• [YOUR OBJECTIVE] Show every line of the data that includes the word "Visite".
** Opening DATA TO USE block **
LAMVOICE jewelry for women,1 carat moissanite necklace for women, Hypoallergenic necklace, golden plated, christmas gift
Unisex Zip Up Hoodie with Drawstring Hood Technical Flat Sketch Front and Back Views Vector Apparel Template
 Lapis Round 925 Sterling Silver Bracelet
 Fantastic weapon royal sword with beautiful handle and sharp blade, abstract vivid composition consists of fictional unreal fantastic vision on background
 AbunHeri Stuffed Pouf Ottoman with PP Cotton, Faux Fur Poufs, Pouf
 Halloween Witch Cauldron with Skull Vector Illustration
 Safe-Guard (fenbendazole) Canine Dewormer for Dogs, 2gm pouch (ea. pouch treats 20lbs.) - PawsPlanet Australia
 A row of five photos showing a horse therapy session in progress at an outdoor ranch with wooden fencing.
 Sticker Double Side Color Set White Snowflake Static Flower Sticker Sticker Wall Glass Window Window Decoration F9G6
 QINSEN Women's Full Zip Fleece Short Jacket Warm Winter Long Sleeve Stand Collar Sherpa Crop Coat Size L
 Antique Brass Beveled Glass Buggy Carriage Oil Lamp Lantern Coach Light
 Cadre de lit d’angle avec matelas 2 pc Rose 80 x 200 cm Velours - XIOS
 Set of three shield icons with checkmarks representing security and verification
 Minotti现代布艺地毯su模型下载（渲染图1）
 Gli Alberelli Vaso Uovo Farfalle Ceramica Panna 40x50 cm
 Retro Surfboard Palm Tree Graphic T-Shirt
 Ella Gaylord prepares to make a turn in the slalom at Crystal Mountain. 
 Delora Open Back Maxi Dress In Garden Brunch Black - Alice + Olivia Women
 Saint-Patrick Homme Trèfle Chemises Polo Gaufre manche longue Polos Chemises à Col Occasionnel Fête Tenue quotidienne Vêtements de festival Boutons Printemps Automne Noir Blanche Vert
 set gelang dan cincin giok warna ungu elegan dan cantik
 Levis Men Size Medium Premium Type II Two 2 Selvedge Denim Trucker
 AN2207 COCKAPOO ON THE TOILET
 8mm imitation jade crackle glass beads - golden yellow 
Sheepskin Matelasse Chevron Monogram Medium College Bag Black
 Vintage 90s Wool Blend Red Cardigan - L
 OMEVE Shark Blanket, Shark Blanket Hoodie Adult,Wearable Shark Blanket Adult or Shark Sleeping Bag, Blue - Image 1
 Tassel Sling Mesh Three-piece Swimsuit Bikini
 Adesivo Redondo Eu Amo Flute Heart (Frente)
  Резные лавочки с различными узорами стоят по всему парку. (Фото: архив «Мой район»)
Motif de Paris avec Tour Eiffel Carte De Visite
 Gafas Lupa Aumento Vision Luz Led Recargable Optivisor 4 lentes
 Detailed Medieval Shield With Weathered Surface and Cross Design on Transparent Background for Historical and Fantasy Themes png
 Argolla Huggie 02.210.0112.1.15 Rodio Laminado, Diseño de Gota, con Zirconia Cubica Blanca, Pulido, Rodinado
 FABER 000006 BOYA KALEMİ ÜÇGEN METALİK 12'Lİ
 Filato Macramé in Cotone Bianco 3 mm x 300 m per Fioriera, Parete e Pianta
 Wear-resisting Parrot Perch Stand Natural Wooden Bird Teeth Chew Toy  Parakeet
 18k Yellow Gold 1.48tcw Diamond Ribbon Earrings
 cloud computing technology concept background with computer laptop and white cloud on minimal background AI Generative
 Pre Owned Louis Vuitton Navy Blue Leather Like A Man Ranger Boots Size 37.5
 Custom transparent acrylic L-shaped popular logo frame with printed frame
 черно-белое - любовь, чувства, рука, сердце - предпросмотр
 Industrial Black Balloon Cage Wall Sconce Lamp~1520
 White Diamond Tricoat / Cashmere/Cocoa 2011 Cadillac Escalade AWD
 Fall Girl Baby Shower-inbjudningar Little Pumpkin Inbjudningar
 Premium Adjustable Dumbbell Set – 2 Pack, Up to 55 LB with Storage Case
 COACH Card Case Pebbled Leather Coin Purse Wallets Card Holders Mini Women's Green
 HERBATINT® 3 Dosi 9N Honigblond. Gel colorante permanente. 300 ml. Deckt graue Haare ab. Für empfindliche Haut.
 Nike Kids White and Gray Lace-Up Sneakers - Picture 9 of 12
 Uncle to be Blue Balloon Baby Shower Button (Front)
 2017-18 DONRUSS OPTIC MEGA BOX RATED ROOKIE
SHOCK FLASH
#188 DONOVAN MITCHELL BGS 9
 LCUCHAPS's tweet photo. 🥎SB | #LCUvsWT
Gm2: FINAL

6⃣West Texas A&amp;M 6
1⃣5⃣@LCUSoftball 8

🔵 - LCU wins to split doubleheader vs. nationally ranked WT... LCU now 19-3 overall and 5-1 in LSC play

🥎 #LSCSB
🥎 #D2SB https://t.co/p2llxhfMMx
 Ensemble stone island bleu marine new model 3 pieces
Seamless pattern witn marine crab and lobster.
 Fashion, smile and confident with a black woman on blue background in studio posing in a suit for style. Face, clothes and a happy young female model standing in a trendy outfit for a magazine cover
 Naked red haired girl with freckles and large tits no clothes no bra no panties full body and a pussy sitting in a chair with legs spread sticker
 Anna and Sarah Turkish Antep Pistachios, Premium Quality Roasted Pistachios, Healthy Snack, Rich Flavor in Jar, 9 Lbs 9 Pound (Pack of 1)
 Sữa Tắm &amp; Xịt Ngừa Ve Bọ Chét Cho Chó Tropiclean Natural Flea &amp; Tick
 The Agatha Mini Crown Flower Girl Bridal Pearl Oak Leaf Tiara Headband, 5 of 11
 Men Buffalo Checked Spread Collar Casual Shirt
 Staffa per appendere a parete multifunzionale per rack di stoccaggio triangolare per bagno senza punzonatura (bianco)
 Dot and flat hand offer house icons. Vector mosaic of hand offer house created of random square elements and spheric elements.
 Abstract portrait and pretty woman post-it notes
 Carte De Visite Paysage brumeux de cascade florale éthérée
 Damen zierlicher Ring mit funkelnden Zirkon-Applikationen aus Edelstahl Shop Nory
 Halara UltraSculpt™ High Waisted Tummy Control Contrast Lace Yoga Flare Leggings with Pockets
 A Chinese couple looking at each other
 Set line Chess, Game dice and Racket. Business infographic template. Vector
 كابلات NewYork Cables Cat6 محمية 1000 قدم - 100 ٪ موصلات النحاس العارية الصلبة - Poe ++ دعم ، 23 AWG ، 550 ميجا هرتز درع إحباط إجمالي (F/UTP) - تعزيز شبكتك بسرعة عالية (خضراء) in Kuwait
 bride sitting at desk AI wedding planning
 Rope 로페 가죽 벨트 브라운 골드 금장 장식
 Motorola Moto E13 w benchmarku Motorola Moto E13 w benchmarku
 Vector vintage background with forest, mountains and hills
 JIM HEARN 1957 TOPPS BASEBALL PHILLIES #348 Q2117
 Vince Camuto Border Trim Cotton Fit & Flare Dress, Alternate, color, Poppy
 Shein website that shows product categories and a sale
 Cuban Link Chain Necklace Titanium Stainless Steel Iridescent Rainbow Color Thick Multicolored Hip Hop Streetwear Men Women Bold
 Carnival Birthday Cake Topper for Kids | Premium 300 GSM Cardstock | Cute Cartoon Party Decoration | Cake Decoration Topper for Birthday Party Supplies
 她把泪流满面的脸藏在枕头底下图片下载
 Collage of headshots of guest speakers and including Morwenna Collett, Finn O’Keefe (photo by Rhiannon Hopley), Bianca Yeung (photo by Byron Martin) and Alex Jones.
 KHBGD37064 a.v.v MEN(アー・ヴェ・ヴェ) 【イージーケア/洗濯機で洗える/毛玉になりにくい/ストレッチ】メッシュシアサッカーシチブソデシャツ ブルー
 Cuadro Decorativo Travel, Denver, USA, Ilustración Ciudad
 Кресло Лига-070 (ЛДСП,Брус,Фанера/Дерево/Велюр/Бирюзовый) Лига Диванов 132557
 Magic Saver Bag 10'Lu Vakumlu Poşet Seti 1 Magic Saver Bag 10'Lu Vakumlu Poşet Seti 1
** Closing DATA TO USE block **
• [TASK SOLUTION]
Motif de Paris avec Tour Eiffel Carte De Visite
 Carte De Visite Paysage brumeux de cascade florale éthérée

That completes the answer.